Have you thought of getting in touch with a medical school connected to your school? I don't think a prof. would mind two to three minutes of their time. Research assistants could be asked. Of course, you want a sexy topic with controversy.
It is good that the prof is approving it. He won't let you research something that has no legs. When he approves the topic, ask if he has any suggestions to bolster it. I don't view it as censorship but as a means to get a good grade. Oh, pay attention to what he lectures. I used to cite my profs. as sources and they loved it. I always received a "great point," "excellent point." Become interested in his interests. If there is a casebook, see what areas it addresses.
Ah, I miss school so much. Enjoy it while you have it. My dream was to practice and then teach at a decent school.
Drug regulation, pharmaceutical companies, OTCs--VERY fertile ground. And yes Mum, since I have only 35 pages, I would need to narrow the subject to probably one drug. If I choose this topic, I will email you; thank you for the offer. JeffT--addiction--that's a really good angle. I could even take that into employment law and how far accomodations must go.
Band--I too was thinking about how the regulatory scheme completely failed, but thank you for reminding me about surveying other countries. We have UW Medical Center, which is a research hospital, so I'm sure someone would speak with me. And yes, I learned this first year to totally disregard the professor when he or she says that they are NOT looking for you to parrot what they say. That is EXACTLY what they are looking for. However, there will not be much lecturing. This is seminar course so it meets only for a couple of hours each week.
I am surprised no one has mentioned JWs and blood yet. Should the government intervene in cases of religious ideologies directing followers to avoid lifesaving treatments.

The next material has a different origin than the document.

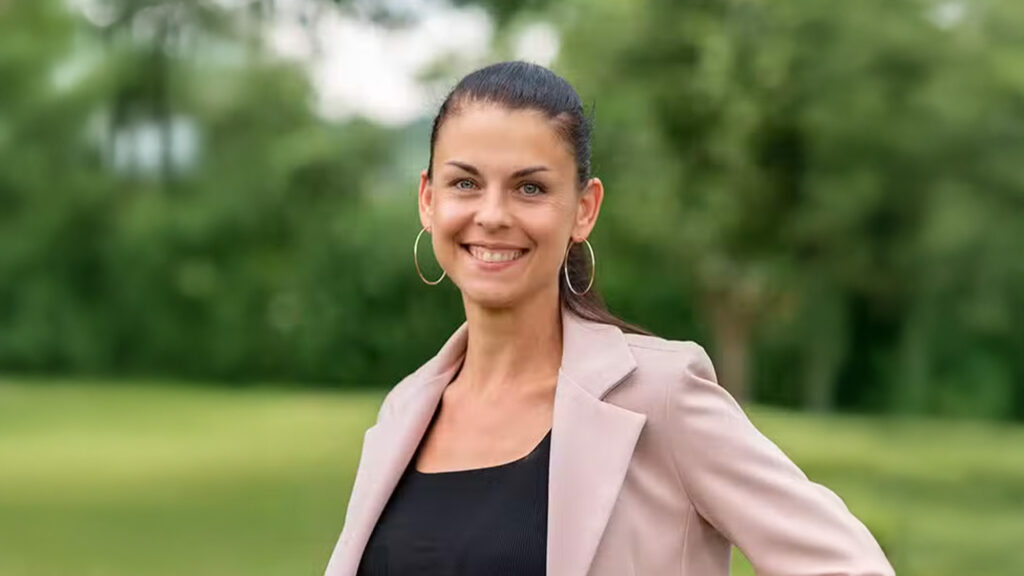 Dagmar Häusler lächelt in die Kamera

Jwfacts: I thought about blood transfusions when I enrolled in the class, but I'm not sure it would qualify since the subject lacks the required "regulatory" aspect.
It seems the class will be focusing on regulation and medicine. Any ideas?
This is a great subject to write a paper on.
I would write about the unintended harm our regulatory system does to the development and delivery of medicine.
I would also cover the concept of "regulatory capture" and how it applies to the pharmaceutical industry.
I recommend reading economist Tyler Cowen on the subject as well. This is his blog:
Alex Tabarrok also contributes to the blog.
And Cowen he has some articles published in the NYT on the subject.
Have you noted how 1L profs say not to mention case names, only cite the holding? When people looked at their finals, those who cited many case names had much better scores than those who relied upon the prof's instruction.
My gf turned in a legal writing paper that was to be no more than 10 pages. She received a terrible grade so she headed up to his office to read the Honors papers. The Honors papers were 30 pages long on average. She confronted the prof and he said tough luck. It was never her idea to only write ten pages.
My professor is allowing me to write on JWs, blood transfusion, valid consent, and the mature minor doctrine. She is very excited about the paper and immediately said that something like that would get published, especially with my "inside" perspective.
She knows her stuff about consent; she worked on Clinton's advisory board that reviewed and proposed further actions regarding the Guatemalan debacle wherein we "studied" human "volunteers" and syphillis.